A State Department spokeswoman, Joanne Prokopowicz, expressed concern about what she said was the harassment of opposition party leaders, including the arrest of associates of Isa Gambar, the presidential candidate of the conservative Musavat Party, and of Ali Karimli of the Peoples Front of Azerbaijan Party or PFAP.
She urged authorities in Baku to cease the harassment, which she said is in keeping with neither Azerbaijani law or the country's international commitments.
She also said the United States has "serious concerns" about the use of violence by authorities in breaking up unsanctioned public demonstrations, and appealed to the government to use restraint and to allow the peaceful public expression of political views.
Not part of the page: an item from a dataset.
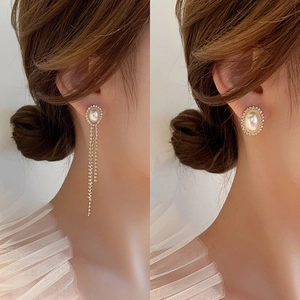 Detail showing long tassel drop earrings with white pearls and sparkling crystals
Ms. Prokopowicz further cited the rejection by the Azerbaijani Central Election Commission of presidential candidacies including that of Rasul Gouliev of the opposition Azerbaijan Democratic Party, a former speaker of the parliament.
She said the commission actions raise serious questions as to whether Azerbaijani law is being applied fairly, and said U.S. concerns are shared by the Organization for Security and Cooperation mission in Baku, Azerbaijani opposition party leaders, and by members of the U.S. Congress.
The United States has been a persistent critic of the human rights record of the government of Azerbaijani President Heydar Aliyev, a Soviet-era communist party leader who was first elected in 1993 and is seeking a third five-year term in office.
In its annual global human rights report issued in March, the State Department said Azerbaijan's human rights record "remained poor" and included restrictions on the freedoms of speech and the press, arbitrary arrests and caseS of torture by police.
It said Mr. Aliyev's last re-election in 1998 was marred by serious irregularities, and that recent national assembly elections and a referendum on constitutional amendments in August of last year were similarly deficient.